Theophila, a nile crocodile, arrived in the communist country as a thank you from the Malian town of Kayes for building its waterworks some four decades ago. Just 22 centimetres long, the boss of the Colbitz water plant at the time, Gunter Hellmann, never imagined she would still be paddling around today.
“The African mentality then was that [East Germany] could do anything,” he explained. This included, it would seem, caring for an exotic reptile at a sewage plant.
Initially the tiny croc was kept in a little terrarium in the offices of the water and sewage treatment department of Magdeburg’s town council. But she kept growing, and was soon too big for her home. The city’s zoo refused to take her as she was already too big and expensive to care for, so the waterworks became her new home.
Hellmann, who had helped build the Kayes plant, became her ersatz-father. “We used to joke that she was our water tester,” he said. Indeed, some plants do have fish to monitor the quality of the drinking water but Theophila actually lives in a separate, reptile-appropriate, area as letting a 280 kilogramme crocodile swim free in the reservoir would be far too dangerous.
After East Germany crumbled in 1989, attempts were made to force Colbitz to get rid of Theophila. Keeping a crocodile was, officials said, far too risky. But Hellmann, now 75 and retired, claimed he successfully thwarted any efforts, and the croc was allowed to stay providing they could build her a bigger home.
In recent years, Theophila has proved something of a local mascot. She not only reflects the quality of care that goes into cleaning water but has put water treatment on the map, spokesman for Magdeburg’s drinking water supplier TWM said.
Testament to her popularity are the visitors that travel to see her regularly and the more than 15,000 crocodile key rings that Colbitz has sold.
Current boss at the plant is 57-year-old Ingolf Kriegel, who has taken over from Hellmann in feeding Theophila once every two to three weeks and making sure she seems content.

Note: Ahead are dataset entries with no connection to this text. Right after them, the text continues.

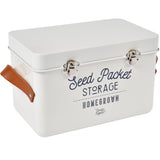 Seed packet storage tin with leather handles by Burgon & Ball - stone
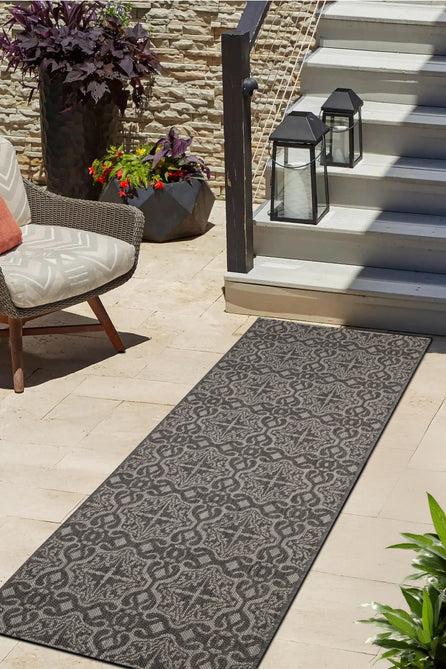 County Victorian Grey In-Outdoor Flatweave Rug-Melrose-Rug Love - The Most Loved Rug Store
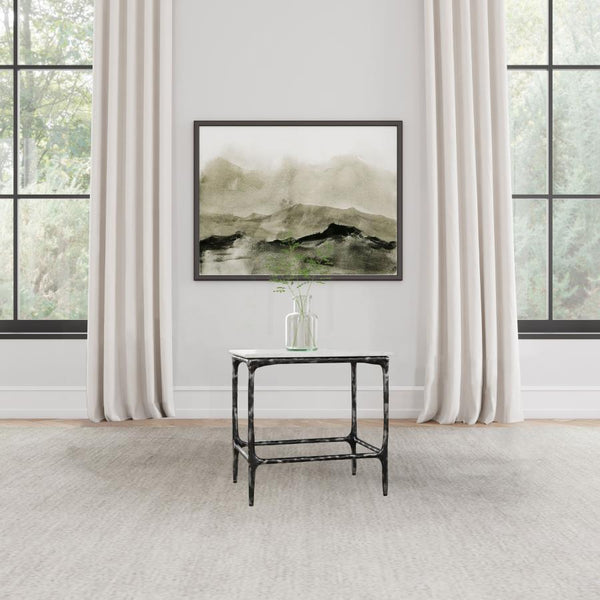 this end table highlights a genuine marble surface that rests on a handcrafted iron frame with an antique black finish. Serve as a side table near a sofa or utilize as an accent table for showcasing dÃ©cor. Its 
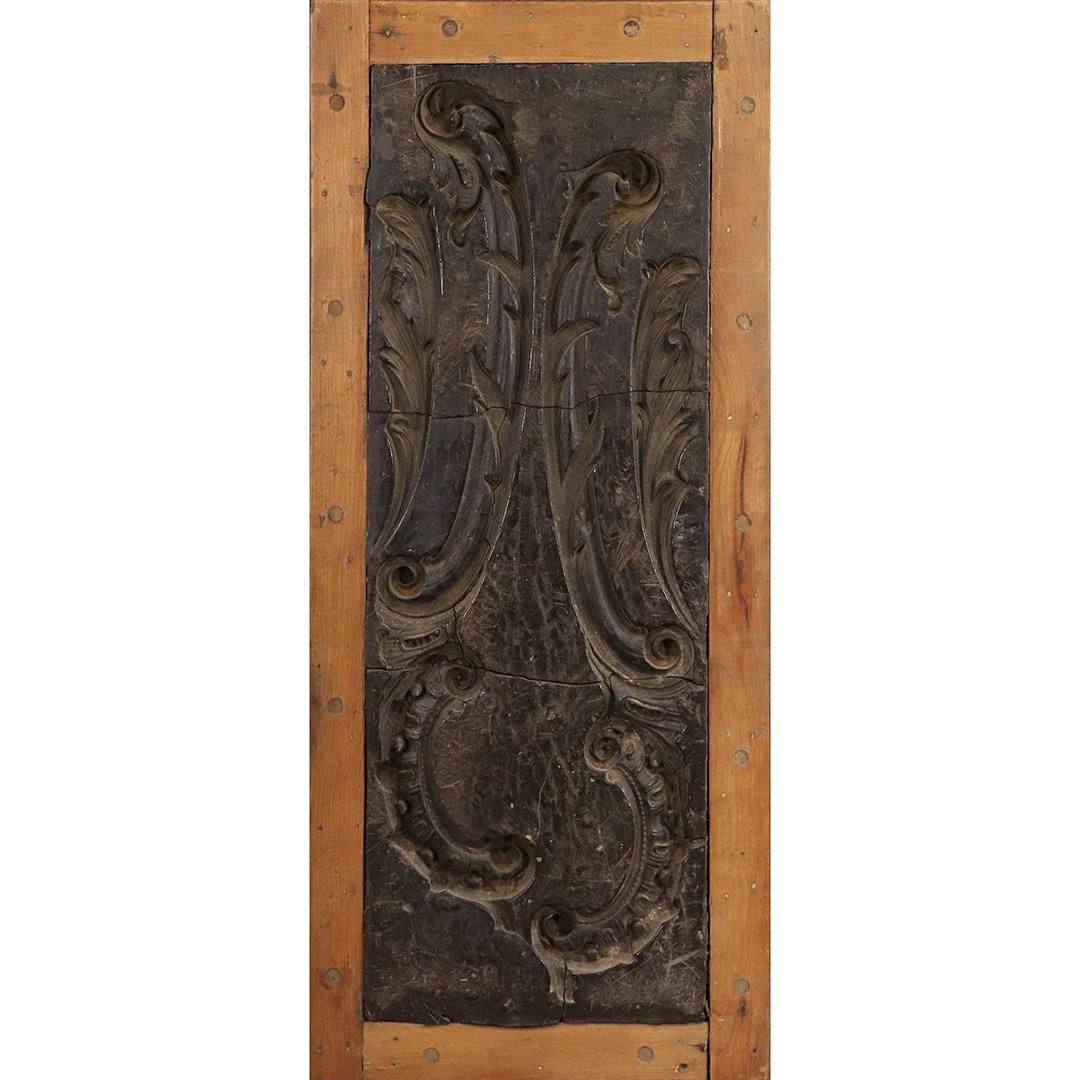 Carved Wood Baroque Plaque / Printing Block: Carved Wood Baroque Plaque / Printing Block. Antique. 26 x 11.5 inches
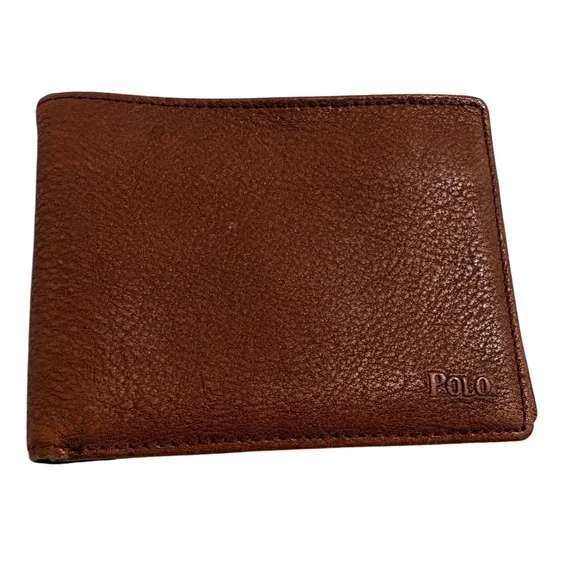 Polo Ralph Lauren Mens Brown Pebbled Leather Bifold Wallet Classic Logo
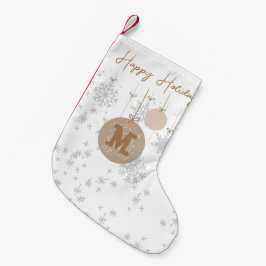 Calcetín Navideño Pequeño Estiloso copos de nieve pardo y gris monogramados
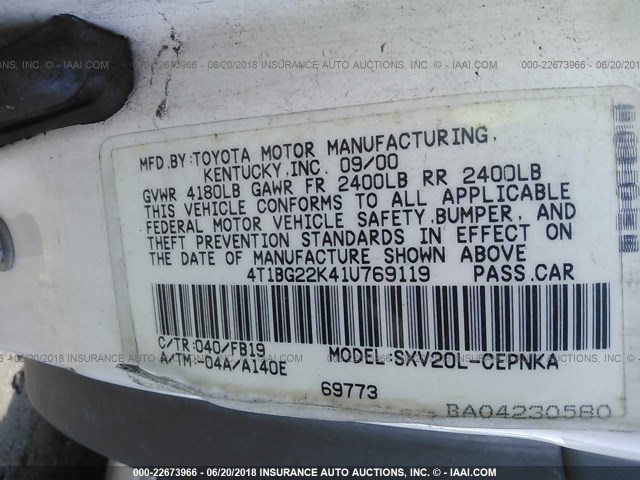 4T1BG22K41U769119 - 2001 TOYOTA CAMRY CE/LE/XLE 白色 照片 9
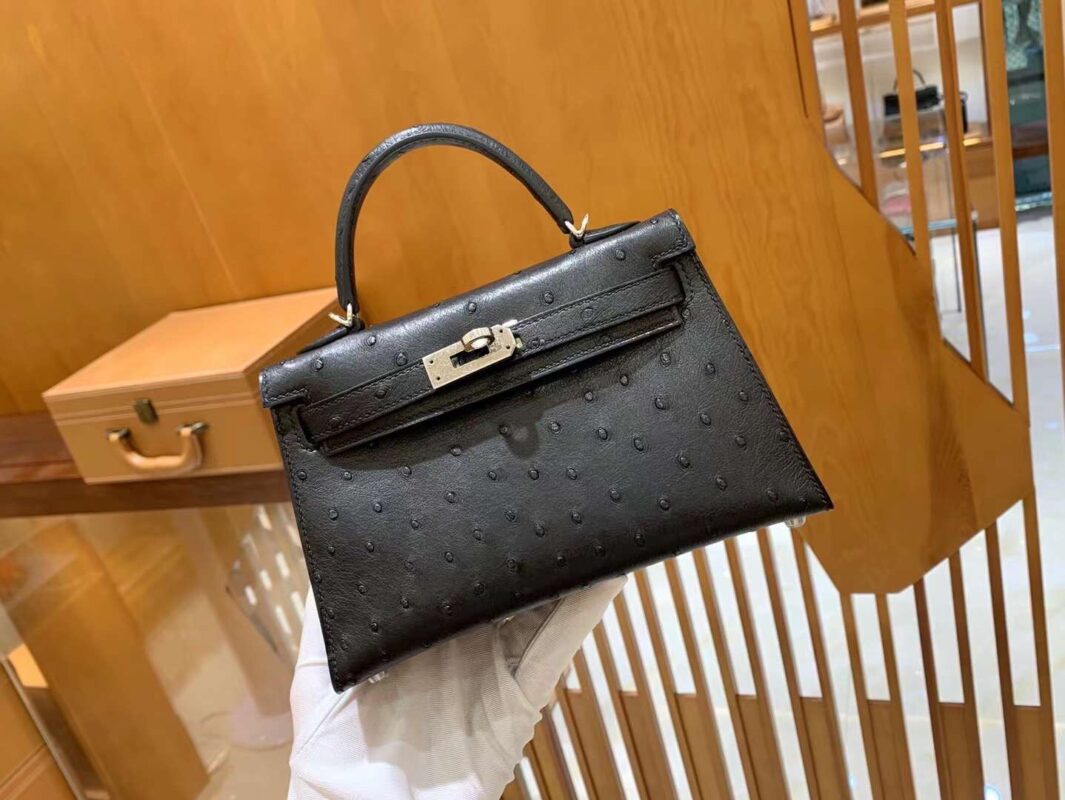 Mini Kelly Ostrich Noir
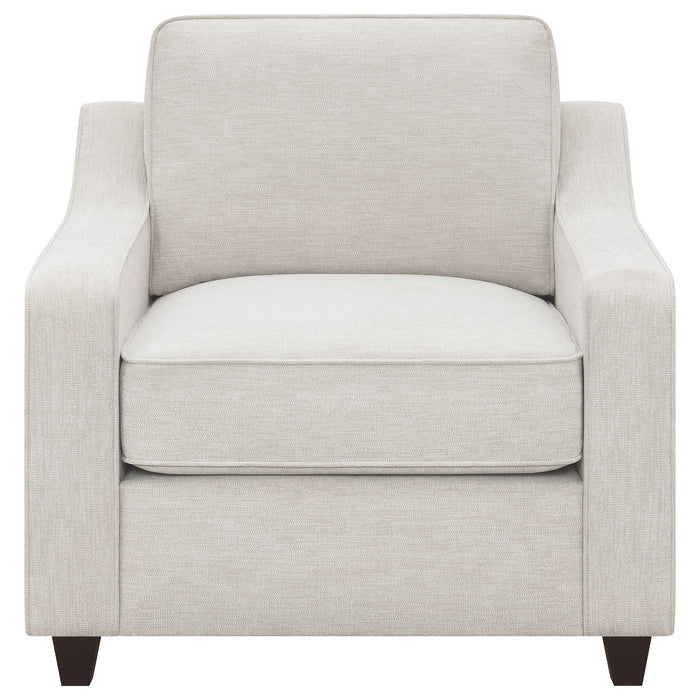 Christine Upholstered Sloped Arm Accent Chair Beige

Nile crocodiles can grow up to six metres and live 100 years but “there’s nothing stressful here so maybe she’ll live longer,” said Kriegel, adding that crocodiles are solitary creatures so she shouldn’t get lonely.
Hellmann likes to visit Theophila four to five times a year to see how she’s doing. “I know she’s in good hands,” he said.
Although six years ago, both Hellmann and Kriegel had a surprise when they found unfertilized eggs in the croc’s cage. Until then, Theophila was called Theophil, because they presumed she was a boy. Her name was swiftly changed to be gender appropriate.
Animal rights advocates have voiced concern about keeping a crocodile in captivity but agree that after 40 years, she can’t be released to the wild. Instead, Theophila was a prime example of why animals should not be given as gifts, representatives from pressure group Peta said.